I NUOVI POVERI, GLI ITALIANI: RIFLESSIONI SOCIOLOGICHE, POLITICHE E CULTURALI
“L’Italia non è un Paese di giovani e per giovani”. La lenta e progredita involuzione economica e politica che sta affrontando il bel Paese dimostra un quadro totalmente opposto dalla bella favola narrata sui libri di storia avvenuta durante il boom economico del dopoguerra. Tuttavia le disuguaglianze economiche e sociali si intrecciano in un meccanismo lento ed indolore diffondendo sempre più rapidamente la piaga del secolo: la disoccupazione. A detta dell’economista John Maynard Keynes “Si ha disoccupazione involontaria quando, nel caso di un piccolo aumento del prezzo delle merci-salario rispetto al salario monetario, sia l’offerta complessiva di lavoro da parte di lavoratori disposti a lavorare al salario monetario corrente, sia la domanda complessiva di lavoro a quel salario, sarebbero maggiori del volume di occupazione esistente”. Ma chi sono i nuovi poveri in Italia? I dati ISTAT ci offrono uno sguardo altamente negativo al riguardo: si parla di categorie, dei giovani under trenta e le regioni prese di mira fanno parte dell’antico e vasto Regno dei Borboni, il Meridione. L’ISTAT e l’OCSE si basano su un indicatore ben preciso “l’indice di disuguaglianze del reddito disponibile”, esso definisce le differenze tra i ceti più benestanti e quelli meno abbienti della popolazione dall’Unione europea. Il primo posto tra le regioni meno abbienti lo guadagnano la Calabria e la Sicilia tanto che l’indicatore delle disuguaglianze economiche in queste due regioni è superiore a quello registrato in Paesi dell’Est Europeo come Romania e Bulgaria (aumentato dal 2008 in poi). Le regioni del Nord Italia appaiono meno sacrificate da questo punto di vista, causa lo sviluppo industriale più diffuso e progredito e risorse materiali ben sfruttate. Si parla di dati, di cifre sconvolgenti: 7.500 persone vivono in povertà estrema, il 45% sono prevalentemente italiani, 16.000 sono i senza fissa dimora, il 34% vivono in strada da più di 4 anni. Ad esacerbare gli animi degli italiani sono le continue tasse esorbitanti e lo stipendio pare non basti a coprire tutte le spese.

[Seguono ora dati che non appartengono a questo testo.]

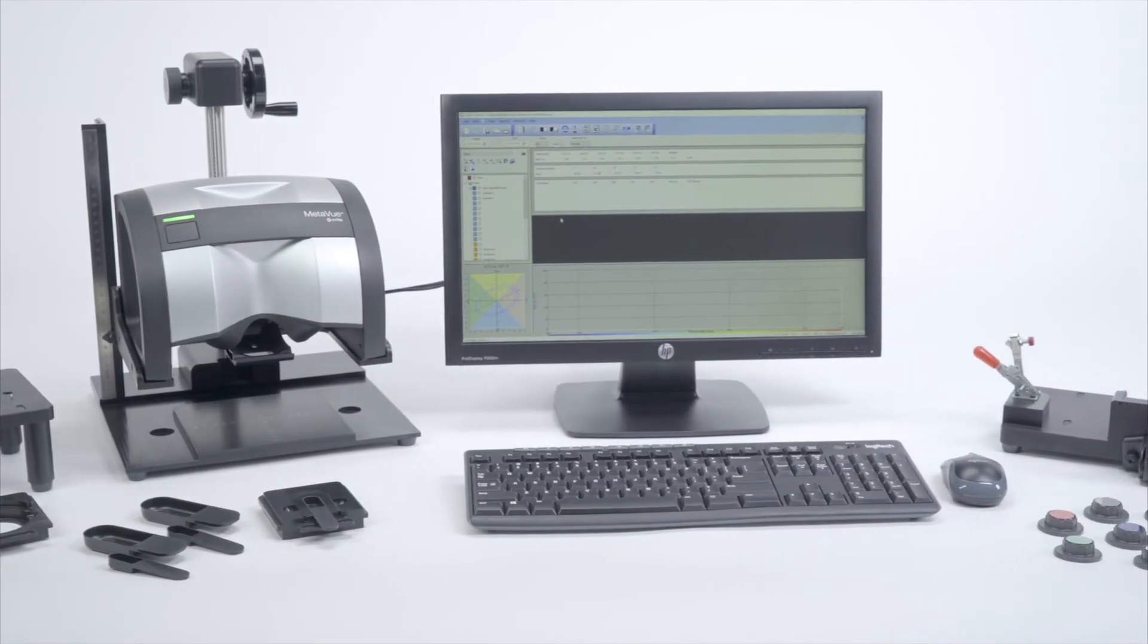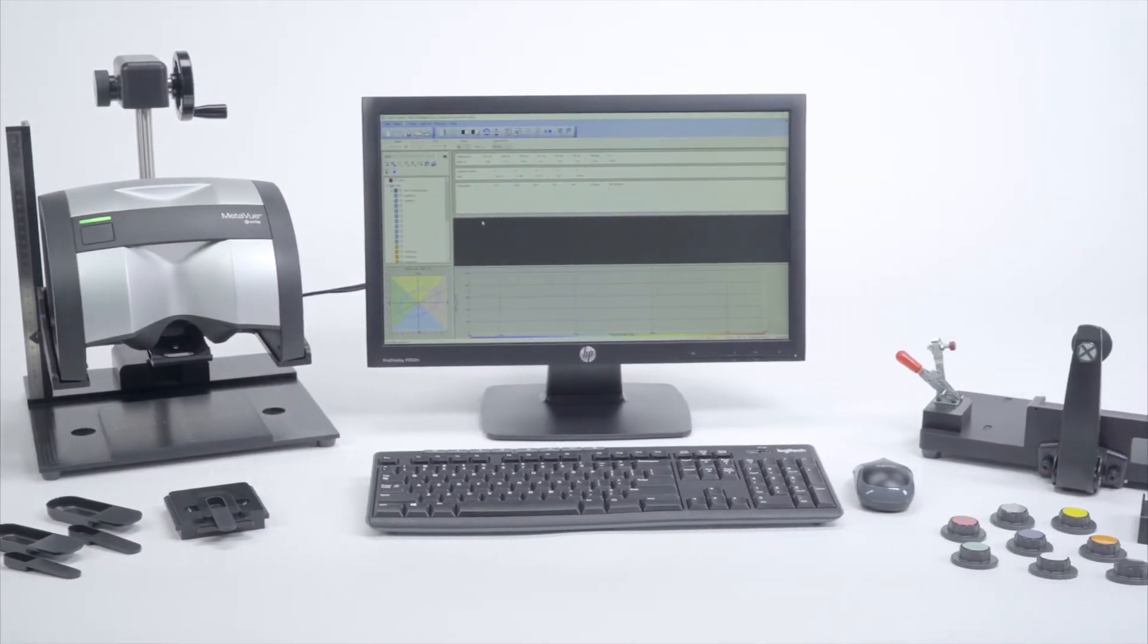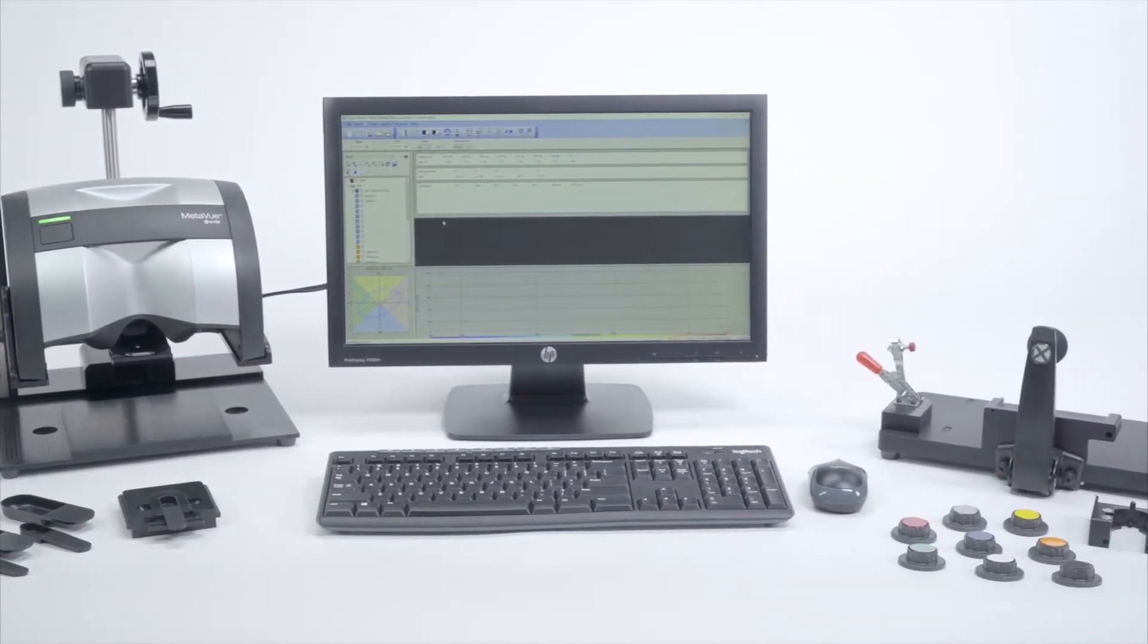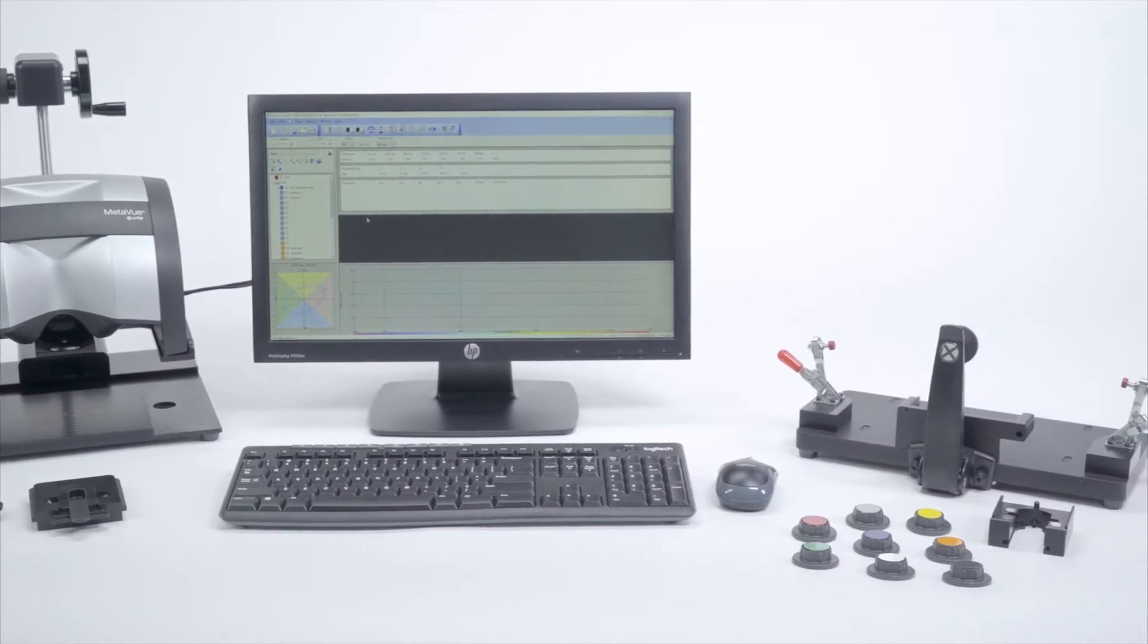Introducing MetaView VS3200, a non-contact imaging spectrophotometer by X-Rite Pantone.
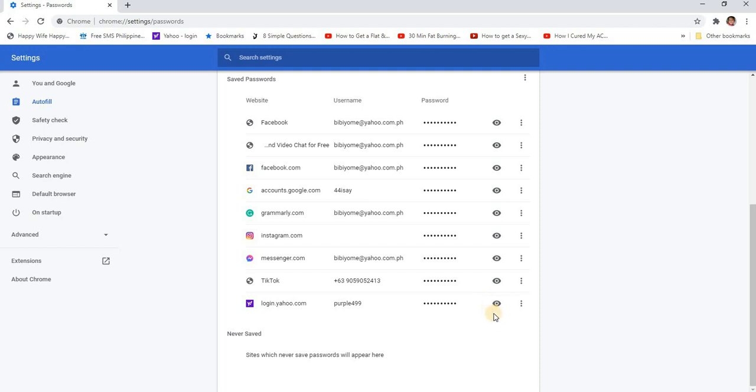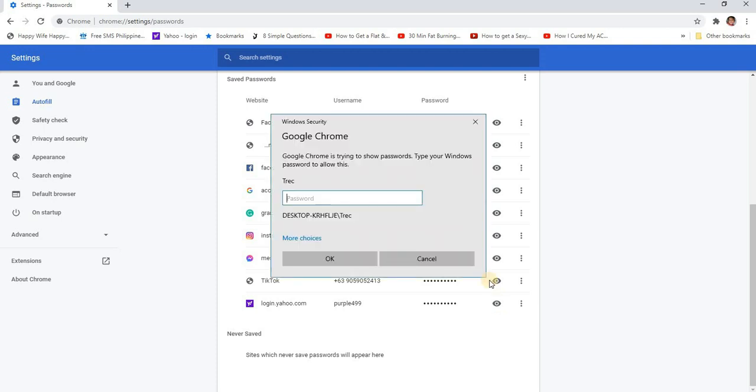Let's click it. It will ask for your device's password, the password that you enter when you turn on your laptop or computer. That's what it is asking here, so let's input it.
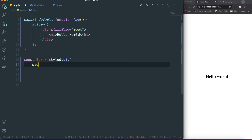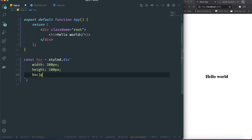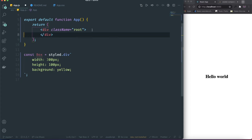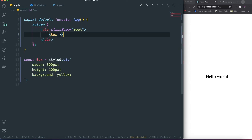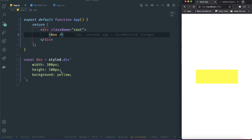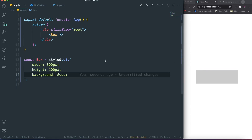So I'm gonna give the width of this one — let's say 300 pixels. And then the height is gonna be 100 pixels. Let's give a background color — background is gonna be yellow. So instead of rendering hello world right here, we can render the Box component. The color is not great, so I'm gonna use this color right here.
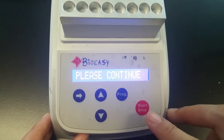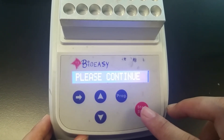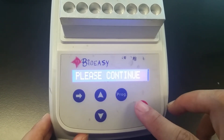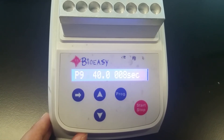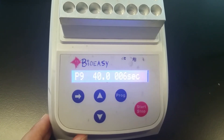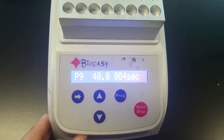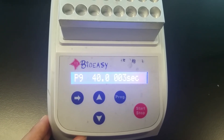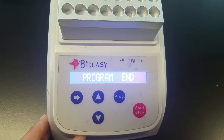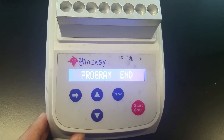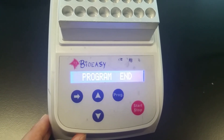Then you can press the start and stop button again to start the second round incubation. And we can see the 10 seconds set for the second round incubation. So the second round incubation is finished.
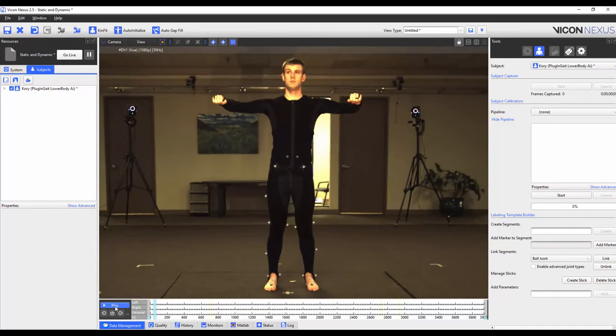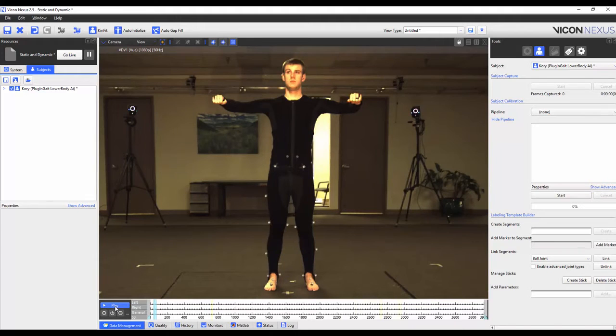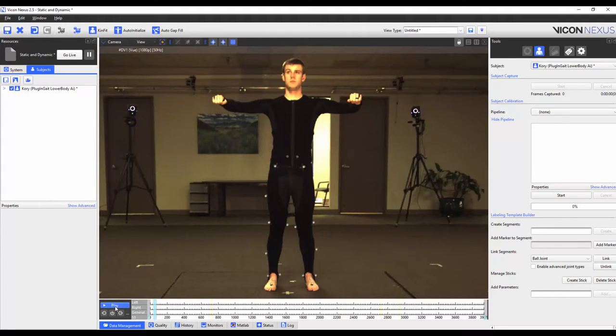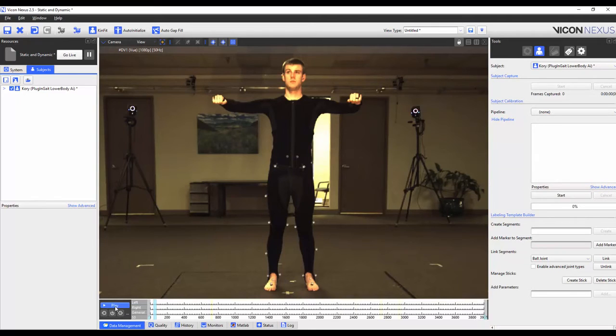In this video where we are modifying the plug-and-gate marker set, we have got a full range of motion to optimize the joint locations. When we are using this modified VST on other subjects, it may not be necessary to have a full range of motion trial. However, this different workflow will be discussed in another video.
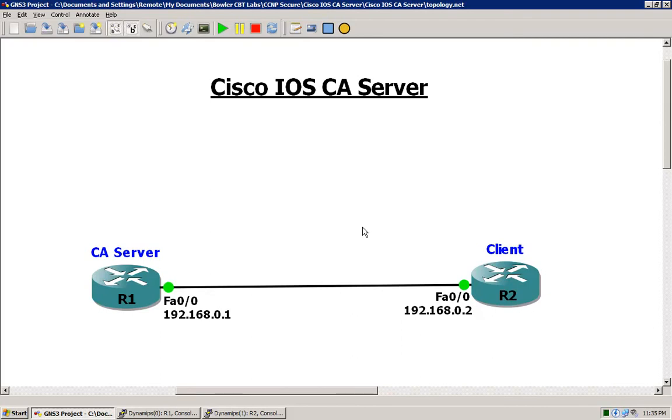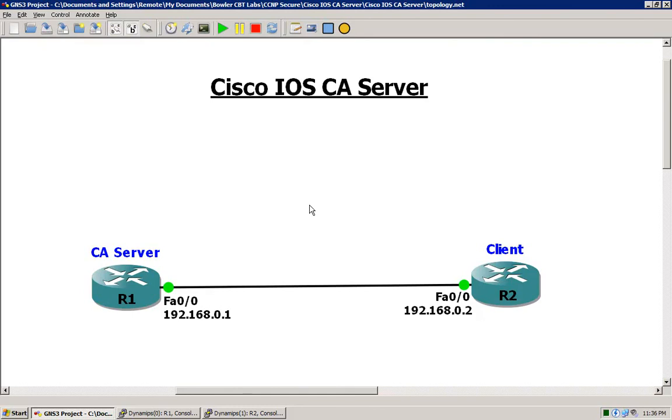Our router 1 over here will be our certificate authority, the server there, and router 2 will be the client. So the bulk of the configuration will be on our server there and then you'll see some of the same configuration also apply on the client. Let's go ahead and get started here on router 1.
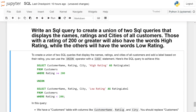Write an SQL query to create a union of two SQL queries that displays the name, rating, and cities of all customers. Those with a rating of 200 or greater will also have the word 'high rating', while others will have the word 'low rating'.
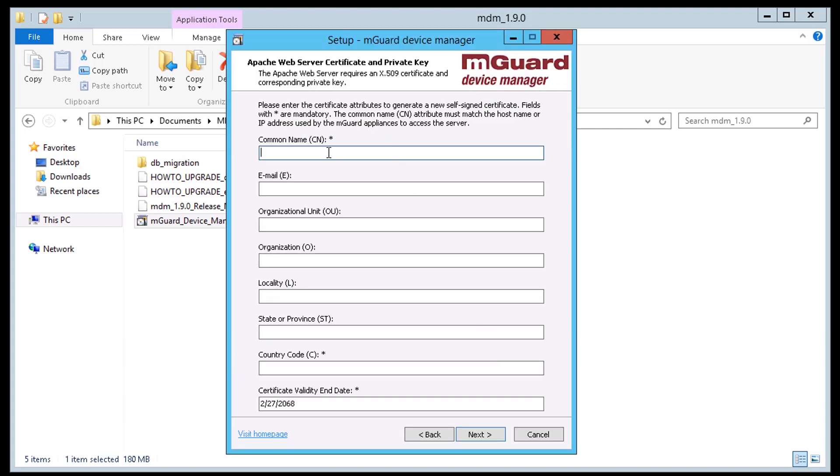The next step is optional depending on whether you will be using the HTTPS web server for the mGuard pull configuration. This step in the program creates the self-signed X.509 certificate and a matching private key to be used by the HTTPS web server. Enter the attributes to be used for the web certificate.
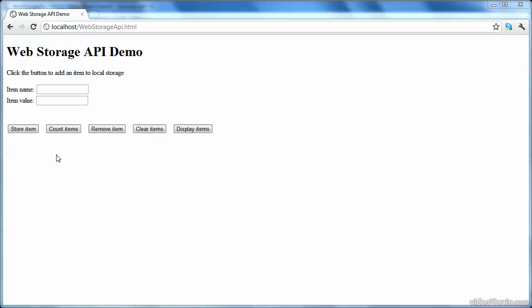In this lesson, we're going to take a look at the full range of APIs available for web storage. In this particular lesson, I'm going to use local storage, but the example would work equally well in session storage because the API is exactly the same for local storage and session storage. Obviously, the only difference is how the data is actually stored internally, but the API itself is identical.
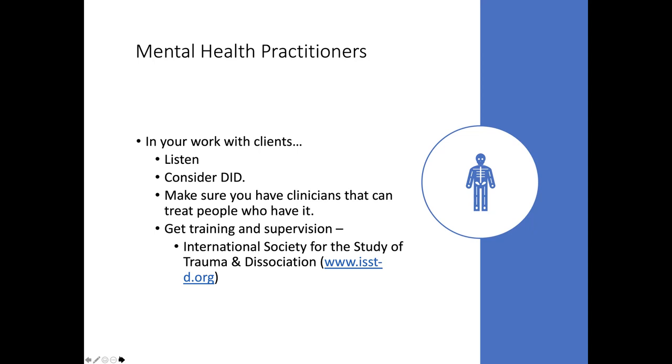So consider that DID might be a possibility for survivors. Make sure if you're not a clinician, or if you're a clinician that doesn't work with people with DID, make sure that you know who in your area does work with people with DID, and reach out and connect with them. So that if you need to refer someone to them, that you know that they work on DID, and how they do it, and also that they have room in their schedule for it.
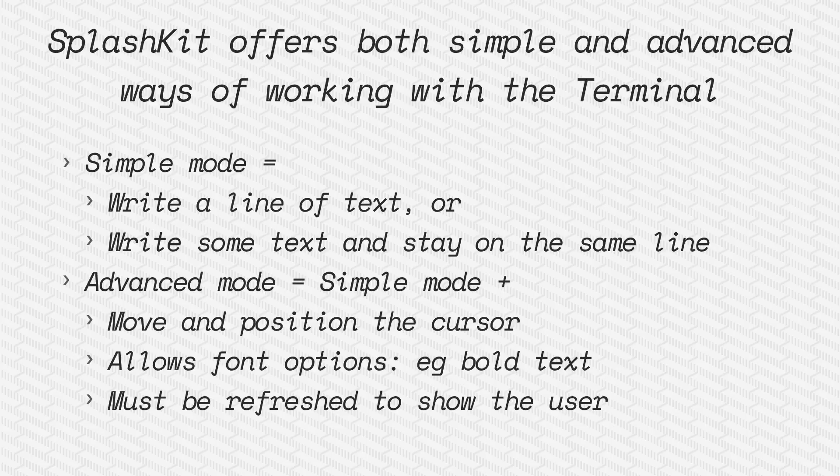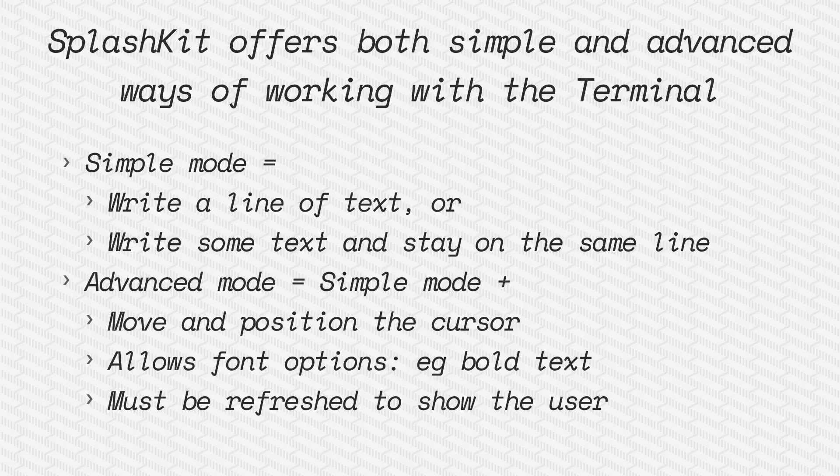So there's a simple terminal which allows us to write some text onto the screen or write multiple bits of text on the same line.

Molti vengono sfrattati dalle loro già umili abitazioni e costretti a dormire ad esempio nelle proprie auto senza ricevere alcun sussidio, assistenza o cure necessarie. Sono in molti a recarsi presso varie associazioni di volontariato, Caritas, per ricevere qualche pasto caldo o semplicemente trovare un po’ di compagnia in quanto la maggior parte sono abbandonati a loro stessi. Inoltre varie associazioni offrono oltre ai pasti, anche alloggio (diurno e notturno) e delle docce. Sono donne e uomini che in un passato non molto lontano avevano un lavoro con uno stipendio il quale gli garantiva di condurre una vita media e che oggi la pensione è briciole a confronto dei sacrifici svolti una vita intera. L’iniqua distribuzione delle risorse influenza non solo l’ambito economico ma anche dal punto di vista culturale le famiglie disagiate non riescono a far completare gli studi ai propri figli costretti anche loro a rimboccarsi le maniche già in tenera età. Infatti solo il 33,5% posseggono un diploma di scuola superiore, l’università è una prerogativa che molti non possono permettersi. Lo status socio/economico si riversa in maniera consequenziale a quello socio/culturale per cui troviamo giovani sfruttati malgrado le pesanti ore di prestazioni lavorative, in particolare nell’ambito della ristorazione, famiglie prendersi carico economicamente dei figli disoccupati a 30 anni, arrancare per sopravvivere. “Il reddito è una variabile generazionale” pertanto l’unica categoria che non ha rischiato, nell’ultimo decennio, di subire la crisi sono gli anziani, i quali, i più fortunati, permettono una fonte di reddito anche ai propri figli e nipoti. A ciò tuttavia si aggiungono il crollo del tasso di natalità e lo spopolamento del Paese, i giovani emigrano in cerca di fortuna in Germania, Svizzera, Bruxelles. A detta di Voltaire “Il lavoro allontana da noi tre grandi mali: la morte, il vizio e il bisogno”.